"Strike you! You little b——h, I could break you in bits with my bare hands!"
They stayed glaring at each other. It was the glare that a huge dog and a dauntless little cat exchange when death is in the air. Then Anne spoke:
"Be a man ... for Gawd's sake ... pretend to be a man!" she said.
Chesney blinked and gasped with fury and weakness, as though she had spat in his face.
Anne followed it up.
"Look here," said she; "I'm trying with all my might to save you from hell ... yes, hell, sir!" She pounded her little brown fist against her other palm. "And you want to kill me for it. But I'm stronger than you are. Yes, I am! For why? For why my nerves ain't rotten with that filthy poison you love like mother's milk. And I'm going to save you whether you will or no! God or the devil helping me—I don't much care which—I'm going to save you! You hear that?"
She went closer to him—a little, furious figure, quivering with righteous rage.
"D'you think I'm afraid of you? Not much I ain't! Just look at me and tell me what you think about it."

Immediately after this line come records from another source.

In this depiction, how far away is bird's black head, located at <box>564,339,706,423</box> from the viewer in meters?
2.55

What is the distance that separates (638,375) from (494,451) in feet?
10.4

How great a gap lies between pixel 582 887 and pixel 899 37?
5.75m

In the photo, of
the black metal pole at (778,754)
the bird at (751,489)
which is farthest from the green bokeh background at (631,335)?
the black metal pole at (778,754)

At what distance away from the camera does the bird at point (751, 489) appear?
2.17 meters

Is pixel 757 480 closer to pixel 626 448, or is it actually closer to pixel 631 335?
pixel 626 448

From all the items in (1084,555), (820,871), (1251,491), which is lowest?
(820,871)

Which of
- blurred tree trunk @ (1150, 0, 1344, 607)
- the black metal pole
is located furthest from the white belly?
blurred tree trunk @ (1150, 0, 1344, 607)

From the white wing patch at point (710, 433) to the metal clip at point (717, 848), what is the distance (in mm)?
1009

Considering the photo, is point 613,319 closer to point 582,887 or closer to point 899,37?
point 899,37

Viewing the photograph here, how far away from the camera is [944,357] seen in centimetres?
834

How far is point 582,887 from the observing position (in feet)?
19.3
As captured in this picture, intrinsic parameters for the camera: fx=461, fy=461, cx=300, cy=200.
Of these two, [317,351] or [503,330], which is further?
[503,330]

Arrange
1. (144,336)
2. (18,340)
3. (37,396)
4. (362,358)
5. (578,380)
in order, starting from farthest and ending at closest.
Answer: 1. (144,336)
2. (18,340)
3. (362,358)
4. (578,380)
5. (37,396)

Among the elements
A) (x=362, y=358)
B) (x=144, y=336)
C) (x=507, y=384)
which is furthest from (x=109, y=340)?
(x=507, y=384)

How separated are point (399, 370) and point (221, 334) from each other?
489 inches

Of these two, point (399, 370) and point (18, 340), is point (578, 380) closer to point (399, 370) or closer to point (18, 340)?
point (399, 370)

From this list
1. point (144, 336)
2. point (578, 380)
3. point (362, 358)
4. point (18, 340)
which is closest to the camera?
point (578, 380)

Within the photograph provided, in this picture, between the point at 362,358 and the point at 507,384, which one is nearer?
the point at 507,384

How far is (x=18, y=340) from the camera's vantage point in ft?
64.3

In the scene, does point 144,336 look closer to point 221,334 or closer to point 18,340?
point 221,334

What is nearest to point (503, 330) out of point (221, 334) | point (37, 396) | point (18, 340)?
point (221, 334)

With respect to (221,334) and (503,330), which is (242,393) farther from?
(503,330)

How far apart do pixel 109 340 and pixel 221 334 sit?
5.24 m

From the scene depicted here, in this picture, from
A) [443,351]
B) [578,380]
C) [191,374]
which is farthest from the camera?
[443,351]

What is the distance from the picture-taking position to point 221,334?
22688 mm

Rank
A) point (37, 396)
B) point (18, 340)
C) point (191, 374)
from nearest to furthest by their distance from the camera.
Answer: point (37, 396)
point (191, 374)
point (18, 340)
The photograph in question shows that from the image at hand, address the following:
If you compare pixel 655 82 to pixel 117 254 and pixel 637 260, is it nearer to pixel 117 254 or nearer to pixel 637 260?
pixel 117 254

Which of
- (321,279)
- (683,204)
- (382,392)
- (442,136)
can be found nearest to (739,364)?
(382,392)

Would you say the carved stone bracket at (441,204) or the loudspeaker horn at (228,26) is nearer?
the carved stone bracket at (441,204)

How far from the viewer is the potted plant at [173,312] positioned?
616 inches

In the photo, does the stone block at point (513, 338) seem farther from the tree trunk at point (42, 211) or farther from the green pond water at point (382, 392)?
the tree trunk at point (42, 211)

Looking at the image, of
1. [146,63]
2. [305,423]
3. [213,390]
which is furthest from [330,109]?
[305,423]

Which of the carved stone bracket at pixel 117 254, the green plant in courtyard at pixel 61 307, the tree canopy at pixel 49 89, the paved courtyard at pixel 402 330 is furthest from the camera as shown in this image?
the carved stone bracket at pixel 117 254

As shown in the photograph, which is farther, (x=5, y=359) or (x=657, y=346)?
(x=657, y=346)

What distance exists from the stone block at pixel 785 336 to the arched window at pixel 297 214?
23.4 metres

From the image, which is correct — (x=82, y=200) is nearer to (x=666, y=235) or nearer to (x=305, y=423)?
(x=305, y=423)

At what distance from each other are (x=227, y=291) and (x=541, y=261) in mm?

Chesney sat hypnotised. Here was the Mongoose to his Serpent with a vengeance. Something began to rise slowly up in him—something clear and clean rising from the dregs of his stupefied better nature. It was that unwilling meed of admiration that the conquered pay to a courageous foe. Suddenly he laughed. It was a shocking sight and sound, this hoarse, weak laughter issuing from that grey, sweating face.
"By God! You little Bush-Ranger, you've got guts!" he gasped.